» PROBLEM REQUIREMENTS: Could you transcribe exactly the lines from the one containing "6000mah mini compressore" through the last line of the records below, leaving out the pictures?
:: DATA EXTRACTS ::
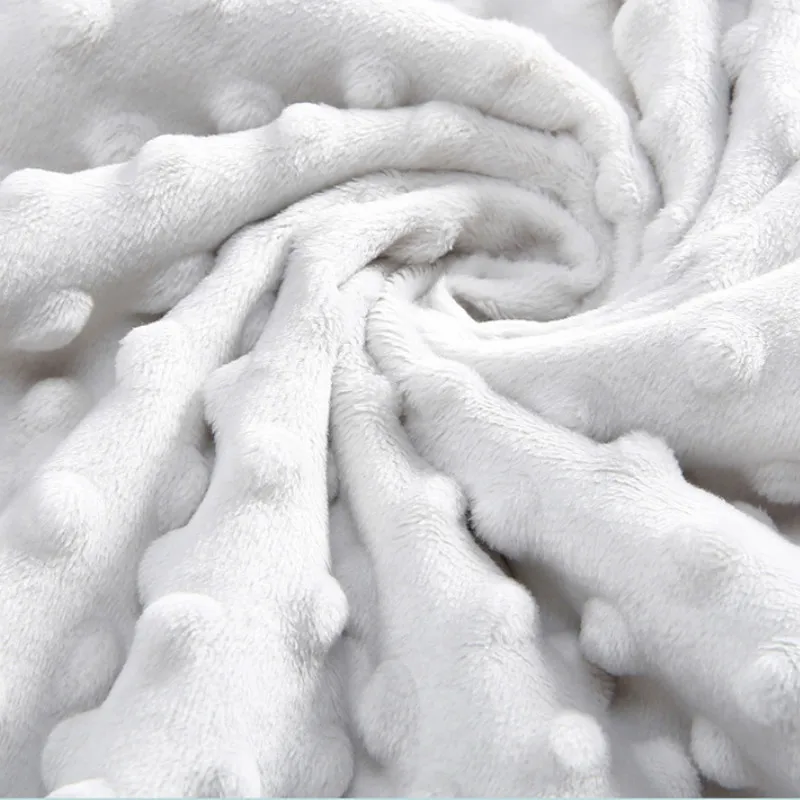 

Baby Blanket & Swaddling Newborn Thermal Soft Fleece Blanket Winter Solid Bedding Set Cotton Quilt Infant Bedding Swaddle Wrap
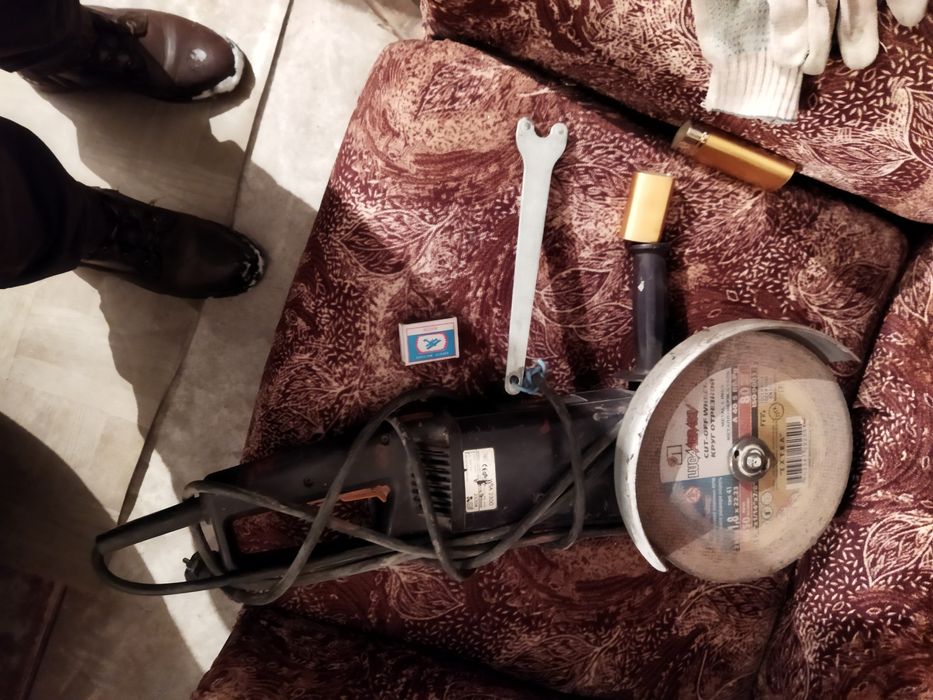 Болгарка большая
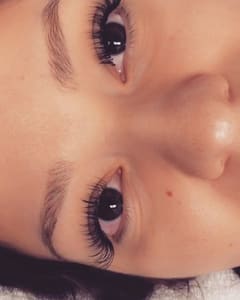Eyeliner Tattoo result by Metta Faces in Houston, TX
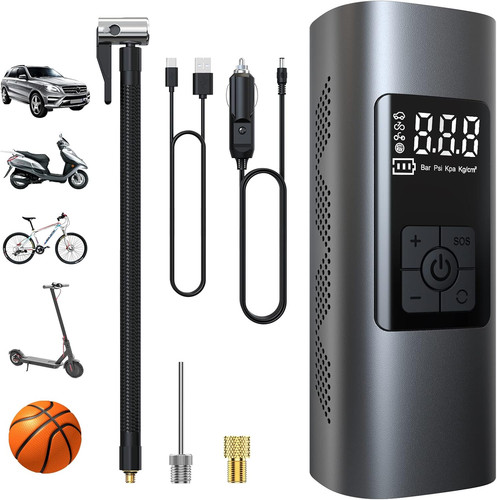 6000mah mini compressore aria - mini,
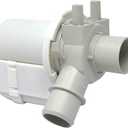 [What'sUp?] DPO40-012 Washer Drain Pump Motor Compatible with LG & Kenmore, Replaces 5859EA1004P, DP040-012, 4681EA1007A, AP5672914, PS7785119, EAP7785119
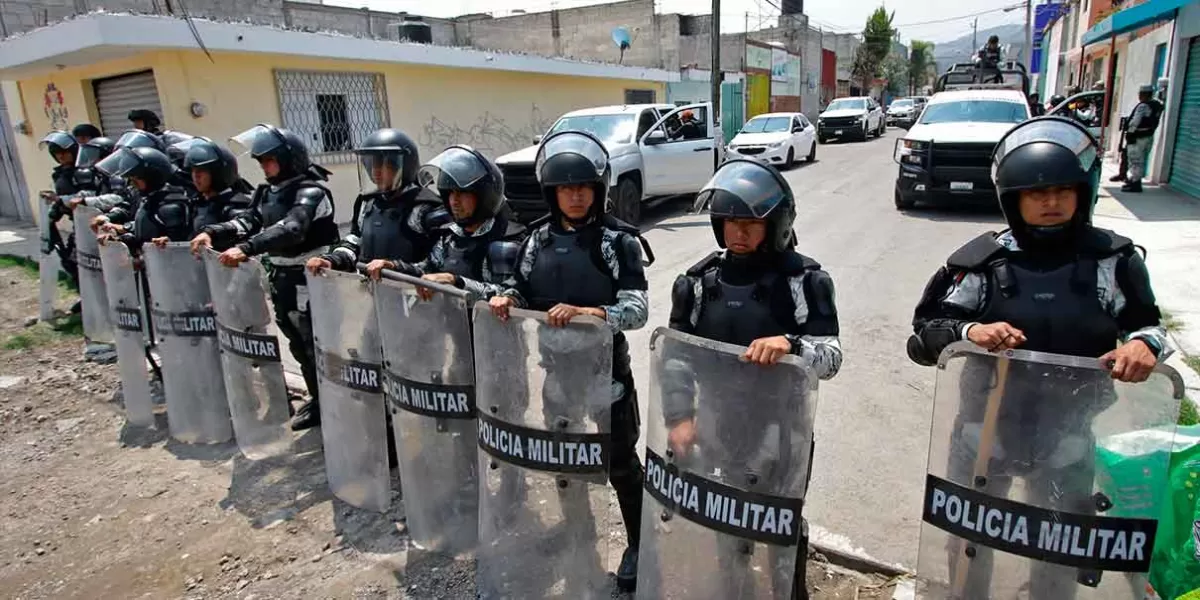 PGR y Guardia Nacional tras huachicoleros en San Pedro Cholula y Amozoc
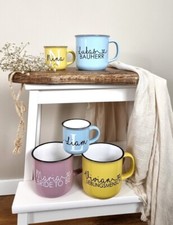 Personalisierte Tasse Emaille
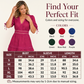🌸Women's V-Neck Lace Tiered Ruffle Dress – Lace Details, Flattering Fit & Effortless Elegance 💐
:::
» RESPONSE TO THE EXERCISE:
 6000mah mini compressore aria - mini,
 [What'sUp?] DPO40-012 Washer Drain Pump Motor Compatible with LG & Kenmore, Replaces 5859EA1004P, DP040-012, 4681EA1007A, AP5672914, PS7785119, EAP7785119
 PGR y Guardia Nacional tras huachicoleros en San Pedro Cholula y Amozoc
 Personalisierte Tasse Emaille
🌸Women's V-Neck Lace Tiered Ruffle Dress – Lace Details, Flattering Fit & Effortless Elegance 💐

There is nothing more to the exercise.